Re: [TF-ENT] Querying datasets with default plus named graphs from Ivan Herman on 2009-10-12 (public-rdf-dawg@w3.org from October to December 2009)

From: Ivan Herman <ivan@w3.org>
Date: Mon, 12 Oct 2009 12:04:22 +0200
To: "Seaborne, Andy" <andy.seaborne@hp.com>
CC: Birte Glimm <birte.glimm@comlab.ox.ac.uk>, SPARQL Working Group <public-rdf-dawg@w3.org>
Message-ID: <4AD2FF26.4090502@w3.org>
Hi Andy,

I must admit that I do not have a very detailed view of how the algebra
works, I always have to look it up again...

With this caveat:

Seaborne, Andy wrote:
>> -----Original Message-----
>> From: public-rdf-dawg-request@w3.org [mailto:public-rdf-dawg-request@w3.org]
>> On Behalf Of Ivan Herman
>> Sent: 12 October 2009 09:52
>> To: Birte Glimm
>> Cc: SPARQL Working Group
>> Subject: Re: [TF-ENT] Querying datasets with default plus named graphs
>>
>> Hi Birte,
>>
>> no, I think we were talking about different things, but the extra text
>> you put into the document actually answers my questions.
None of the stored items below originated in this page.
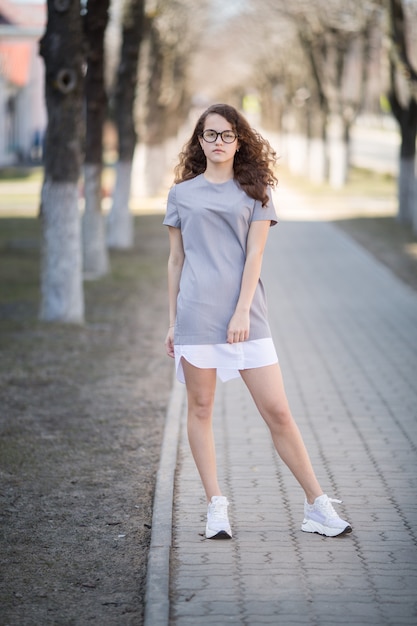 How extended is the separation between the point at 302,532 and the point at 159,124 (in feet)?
96.1

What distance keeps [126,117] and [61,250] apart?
26.4 feet

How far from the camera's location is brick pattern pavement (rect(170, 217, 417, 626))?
442 centimetres

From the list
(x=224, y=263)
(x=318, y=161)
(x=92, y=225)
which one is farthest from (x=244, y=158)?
(x=318, y=161)

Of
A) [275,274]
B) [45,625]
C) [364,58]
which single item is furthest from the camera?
[364,58]

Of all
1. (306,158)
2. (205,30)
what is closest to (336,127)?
(306,158)

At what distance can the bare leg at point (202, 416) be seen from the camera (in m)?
4.95

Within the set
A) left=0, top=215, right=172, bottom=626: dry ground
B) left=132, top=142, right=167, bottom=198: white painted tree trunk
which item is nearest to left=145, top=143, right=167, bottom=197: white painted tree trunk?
left=132, top=142, right=167, bottom=198: white painted tree trunk

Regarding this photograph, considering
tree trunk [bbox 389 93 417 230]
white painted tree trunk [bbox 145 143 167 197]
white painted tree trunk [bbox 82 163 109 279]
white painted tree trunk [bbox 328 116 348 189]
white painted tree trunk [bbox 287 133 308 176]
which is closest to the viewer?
white painted tree trunk [bbox 82 163 109 279]

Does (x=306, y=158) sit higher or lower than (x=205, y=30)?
lower

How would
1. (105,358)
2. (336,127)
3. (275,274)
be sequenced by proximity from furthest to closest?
(336,127) < (275,274) < (105,358)

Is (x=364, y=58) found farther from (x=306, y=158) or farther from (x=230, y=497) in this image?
(x=230, y=497)

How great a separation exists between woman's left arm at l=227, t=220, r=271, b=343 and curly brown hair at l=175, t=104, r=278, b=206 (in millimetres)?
127

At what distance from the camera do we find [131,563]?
5000 millimetres

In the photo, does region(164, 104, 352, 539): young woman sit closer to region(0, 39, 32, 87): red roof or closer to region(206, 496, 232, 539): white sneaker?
region(206, 496, 232, 539): white sneaker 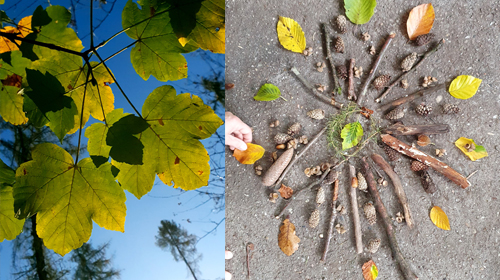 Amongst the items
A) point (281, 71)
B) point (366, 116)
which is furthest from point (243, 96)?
point (366, 116)

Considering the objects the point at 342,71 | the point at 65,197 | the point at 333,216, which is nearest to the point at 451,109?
the point at 342,71

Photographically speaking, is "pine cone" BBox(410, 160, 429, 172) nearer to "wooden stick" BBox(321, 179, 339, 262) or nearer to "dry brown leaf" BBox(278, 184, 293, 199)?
"wooden stick" BBox(321, 179, 339, 262)

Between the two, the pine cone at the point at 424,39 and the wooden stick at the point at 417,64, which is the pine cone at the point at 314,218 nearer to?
the wooden stick at the point at 417,64

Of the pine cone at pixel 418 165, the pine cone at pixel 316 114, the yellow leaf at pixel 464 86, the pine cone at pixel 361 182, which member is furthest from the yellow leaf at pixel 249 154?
the yellow leaf at pixel 464 86

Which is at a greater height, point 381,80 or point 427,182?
point 381,80

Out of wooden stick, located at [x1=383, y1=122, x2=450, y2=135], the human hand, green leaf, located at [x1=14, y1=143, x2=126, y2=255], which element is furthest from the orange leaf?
green leaf, located at [x1=14, y1=143, x2=126, y2=255]

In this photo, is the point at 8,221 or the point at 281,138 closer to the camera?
the point at 8,221

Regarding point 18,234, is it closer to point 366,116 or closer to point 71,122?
point 71,122

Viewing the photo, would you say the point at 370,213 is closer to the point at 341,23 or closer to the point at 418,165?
the point at 418,165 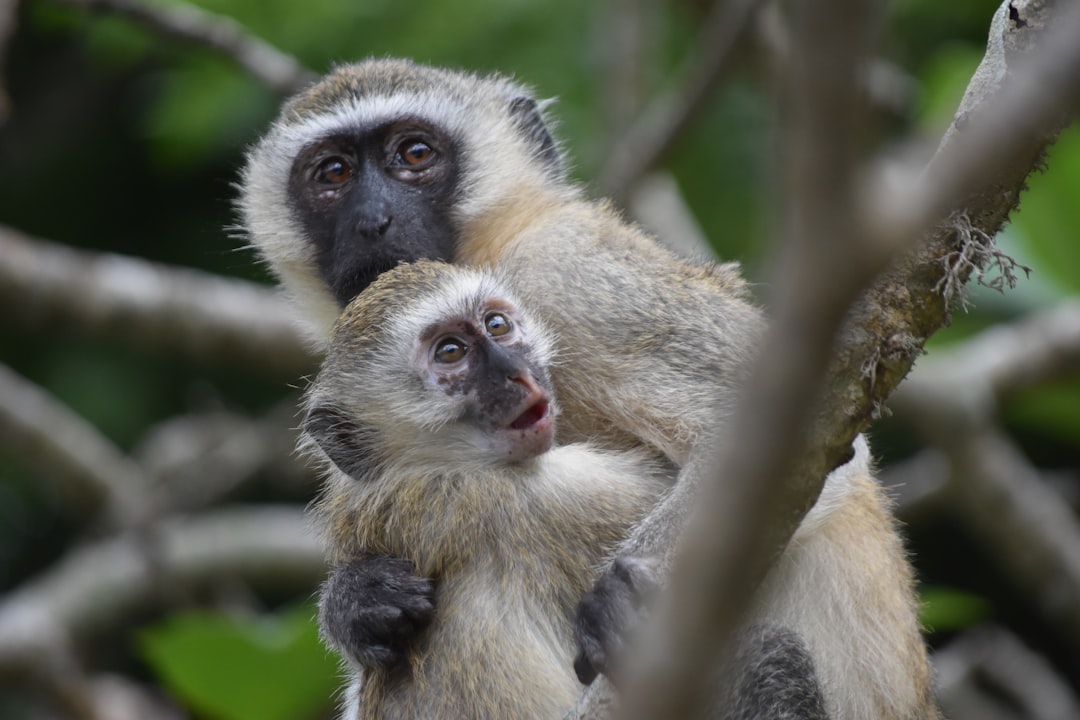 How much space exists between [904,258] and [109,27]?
6.39 m

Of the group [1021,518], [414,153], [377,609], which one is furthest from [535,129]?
[1021,518]

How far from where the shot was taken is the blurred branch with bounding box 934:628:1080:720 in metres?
6.32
So there is no
>> reason to go into the details of your comments below...
>>
>> Just for my understanding, based on your latest text (thanks for having
>> added it, b.t.w.!)... if I have
>>
>> <A> standing for the graph
>> :p rdfs:range :AA
>>
>> <B> standing for the graph
>> :p rdfs:domain :BB
>>
>> <C> standing for the graph
>> :x :p :y
>>
>> then the query:
>>
>> SELECT ?g
>> FROM NAMED <A>
>> FROM NAMED <B>
>> FROM <C>
>> WHERE {
>>    GRAPH ?g { :y a ?type }
>> }
>>
>> will return ?g-><A>, right? (b.t.w., I think the example on the wiki is
>> wrong, the first (negative) example should say :y a ?type, shouldn't it?)
> 
> Ivan - could you quote the text you think justifies this. I don't see it.
> 

My layman's reaction is that for the GRAPH ?g a replacement of <A> is
done for ?g, ie, evaluating the patterns in the corresponding {} the
graph on which the entailement should be performed is the merge of <A>
and <C>. RDFS entailement on that will provide a ?type. If <B> is used
instead of <A> then the entailement does not hold.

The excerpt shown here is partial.